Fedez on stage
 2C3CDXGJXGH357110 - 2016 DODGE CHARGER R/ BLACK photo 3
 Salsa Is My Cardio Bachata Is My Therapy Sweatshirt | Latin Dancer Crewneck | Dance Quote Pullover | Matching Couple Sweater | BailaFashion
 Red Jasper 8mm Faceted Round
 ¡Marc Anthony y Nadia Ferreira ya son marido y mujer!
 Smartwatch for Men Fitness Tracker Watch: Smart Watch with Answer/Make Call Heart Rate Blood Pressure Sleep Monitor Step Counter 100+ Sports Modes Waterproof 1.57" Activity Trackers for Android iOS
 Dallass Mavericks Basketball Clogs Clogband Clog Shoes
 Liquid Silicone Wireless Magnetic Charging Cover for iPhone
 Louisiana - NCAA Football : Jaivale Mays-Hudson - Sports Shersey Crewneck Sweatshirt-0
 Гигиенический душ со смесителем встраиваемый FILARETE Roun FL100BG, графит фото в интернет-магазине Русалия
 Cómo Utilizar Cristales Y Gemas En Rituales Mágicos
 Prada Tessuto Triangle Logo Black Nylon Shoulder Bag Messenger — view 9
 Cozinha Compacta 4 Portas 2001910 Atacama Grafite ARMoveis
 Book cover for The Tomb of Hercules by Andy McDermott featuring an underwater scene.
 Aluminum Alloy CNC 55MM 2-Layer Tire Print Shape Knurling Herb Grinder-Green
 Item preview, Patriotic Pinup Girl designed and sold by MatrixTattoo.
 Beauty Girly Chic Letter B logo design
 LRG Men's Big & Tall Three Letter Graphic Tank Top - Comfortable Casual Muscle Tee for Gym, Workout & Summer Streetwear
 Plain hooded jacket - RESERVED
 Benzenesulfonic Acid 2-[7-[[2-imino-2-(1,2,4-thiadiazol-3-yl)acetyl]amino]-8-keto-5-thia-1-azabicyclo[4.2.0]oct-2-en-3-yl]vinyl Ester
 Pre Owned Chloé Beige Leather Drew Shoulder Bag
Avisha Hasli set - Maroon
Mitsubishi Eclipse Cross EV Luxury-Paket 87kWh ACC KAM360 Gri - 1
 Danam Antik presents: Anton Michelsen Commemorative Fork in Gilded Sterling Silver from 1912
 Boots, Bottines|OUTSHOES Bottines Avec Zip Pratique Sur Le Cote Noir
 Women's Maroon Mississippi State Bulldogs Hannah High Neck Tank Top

_ _ _ _ _ _ _

Give back precisely the lines above that start at the line containing "marido y mujer!" and end at the line containing "Dallass Mavericks Basketball", inclusive. No other lines belong in the output.

 ¡Marc Anthony y Nadia Ferreira ya son marido y mujer!
 Smartwatch for Men Fitness Tracker Watch: Smart Watch with Answer/Make Call Heart Rate Blood Pressure Sleep Monitor Step Counter 100+ Sports Modes Waterproof 1.57" Activity Trackers for Android iOS
 Dallass Mavericks Basketball Clogs Clogband Clog Shoes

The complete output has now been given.